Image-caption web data
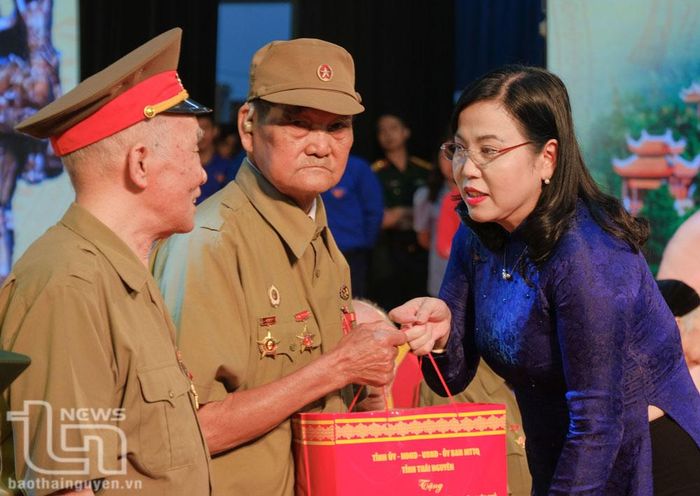 Đồng chí Bí thư Tỉnh ủy Nguyễn Thanh Hải tặng quà chiến sĩ Điện Biên.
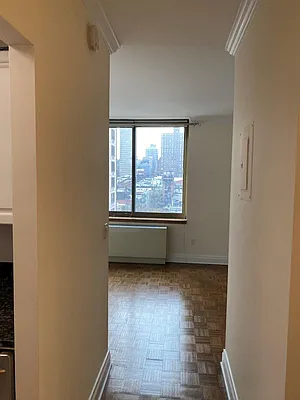 Rented by Realty Group International | media 28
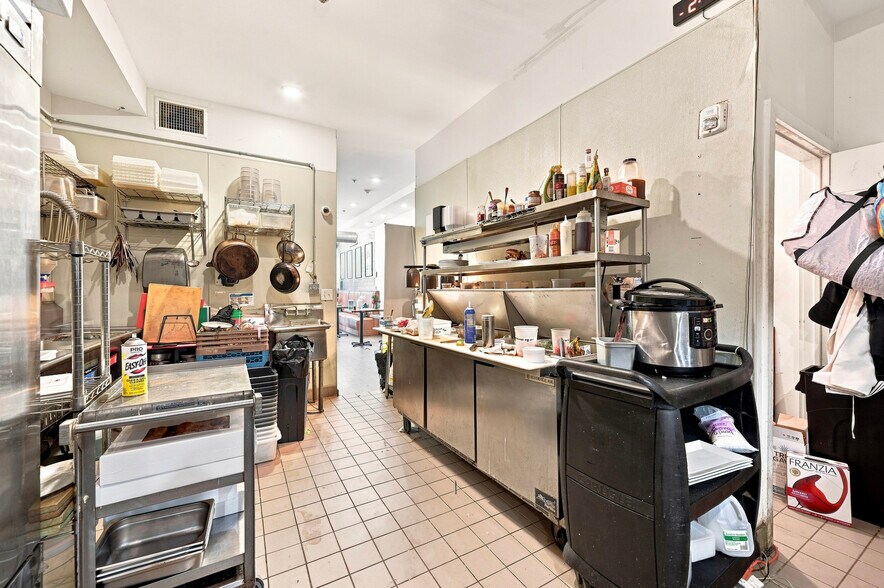 More Photos Of 500 S 52nd St, Philadelphia Storefront Retail Residential For Sale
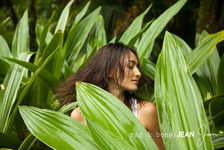 長谷川潤、ハワイの大自然を駆け回る「ラグ＆ボーン」のモデルに 画像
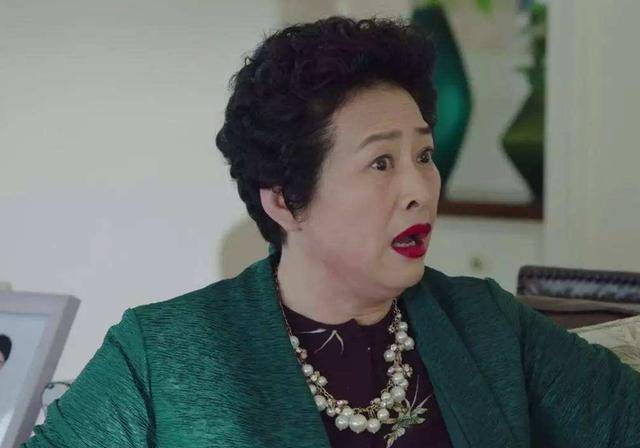 许娣年轻的时候还是有几分姿色的,在《三国演义》里出演了甘夫人一角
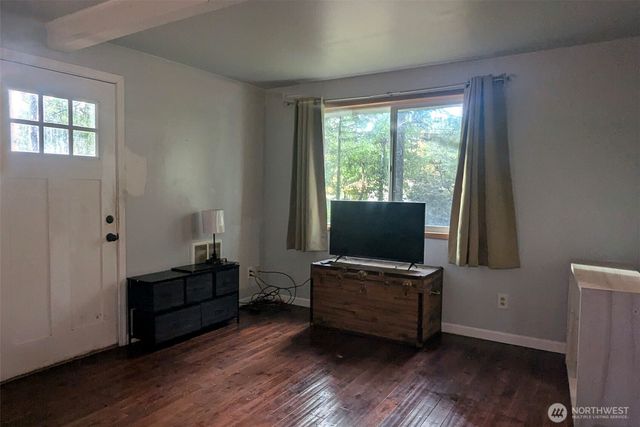 19111 19th Street SW, Lakebay, WA 98349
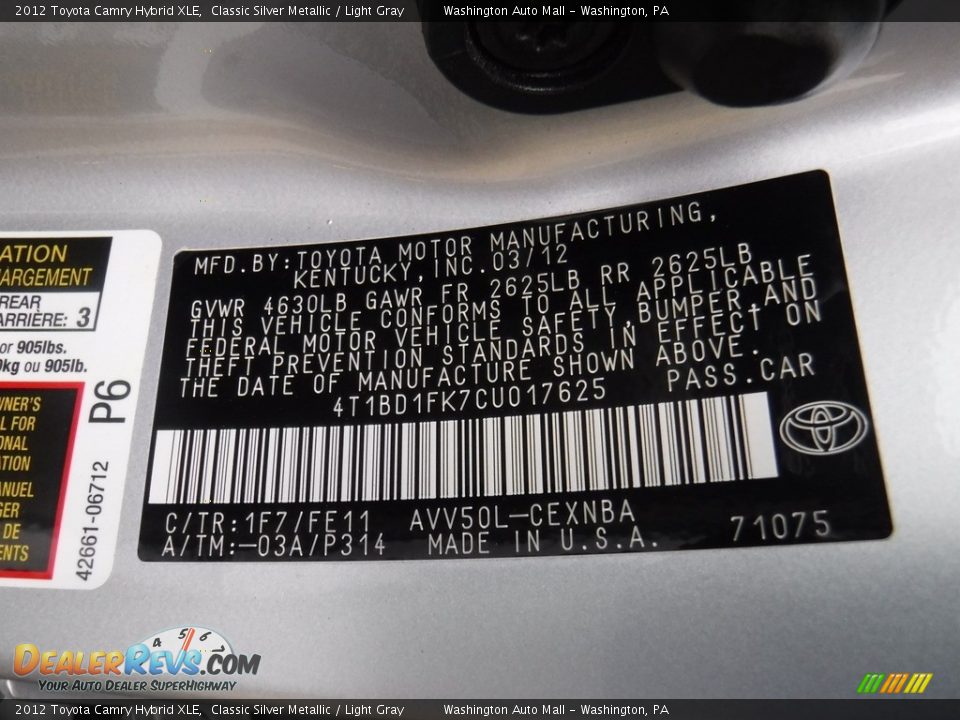 2012 Toyota Camry Hybrid XLE Classic Silver Metallic / Light Gray Photo #25
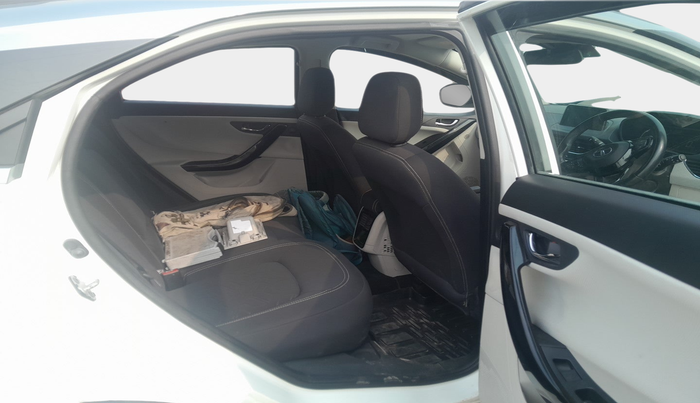 2021 Tata NEXON XZA PLUS (O) PETROL, Petrol, Automatic, 13,785 km, interior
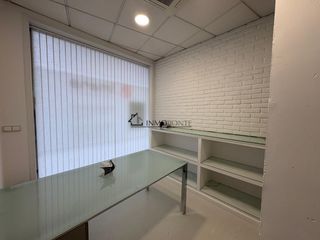 Lloguer Local Comercial a Zona de Plaza de Barcelos. Se alquila local comercial  120 m   oportunidad única para tu ne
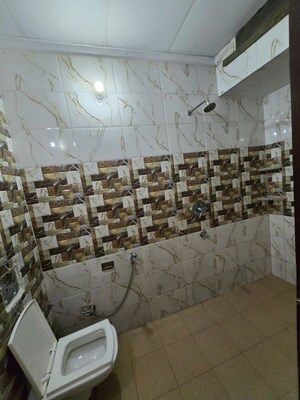 Bathroom in 2 BHK Builder Floor at Sector 43 – for Rent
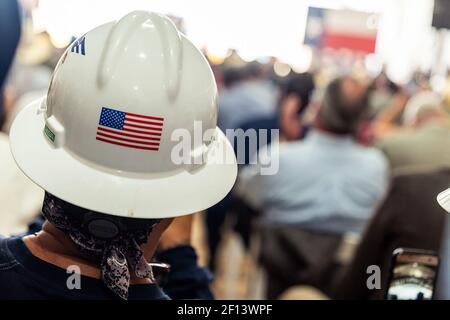 Ein Zuschauer hört sich an, wie Präsident Donald Trump vor der Unterzeichnung der Präsidentengenehmigungen am Mittwoch, den 29 2020. Juli, im Double Eagle Oil Rig in Midland Texas die Energieressdominanz im Permian Basin wiederherstellt. Stockfoto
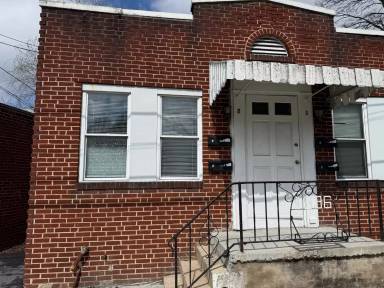 Main picture of 1936 Walnut St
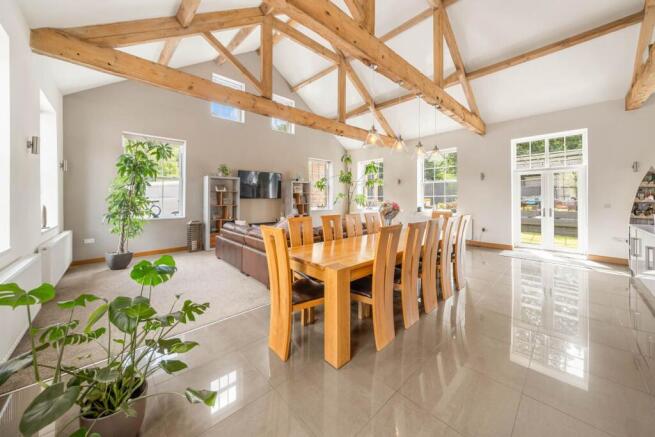 5 bed Detached for sale Image 10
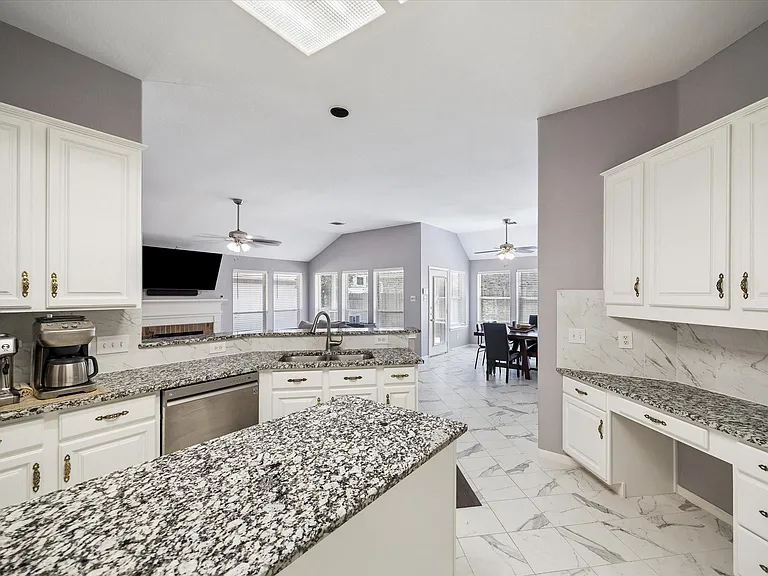 5918 Amherst Ct — Photo 12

▶ ACTIVITY:
Output all data exactly, omitting images.

▶ SOLUTION TO THIS EXERCISE:
 Đồng chí Bí thư Tỉnh ủy Nguyễn Thanh Hải tặng quà chiến sĩ Điện Biên.
 Rented by Realty Group International | media 28
 More Photos Of 500 S 52nd St, Philadelphia Storefront Retail Residential For Sale
 長谷川潤、ハワイの大自然を駆け回る「ラグ＆ボーン」のモデルに 画像
 许娣年轻的时候还是有几分姿色的,在《三国演义》里出演了甘夫人一角
 19111 19th Street SW, Lakebay, WA 98349
 2012 Toyota Camry Hybrid XLE Classic Silver Metallic / Light Gray Photo #25
 2021 Tata NEXON XZA PLUS (O) PETROL, Petrol, Automatic, 13,785 km, interior
 Lloguer Local Comercial a Zona de Plaza de Barcelos. Se alquila local comercial  120 m   oportunidad única para tu ne
 Bathroom in 2 BHK Builder Floor at Sector 43 – for Rent
 Ein Zuschauer hört sich an, wie Präsident Donald Trump vor der Unterzeichnung der Präsidentengenehmigungen am Mittwoch, den 29 2020. Juli, im Double Eagle Oil Rig in Midland Texas die Energieressdominanz im Permian Basin wiederherstellt. Stockfoto
 Main picture of 1936 Walnut St
 5 bed Detached for sale Image 10
 5918 Amherst Ct — Photo 12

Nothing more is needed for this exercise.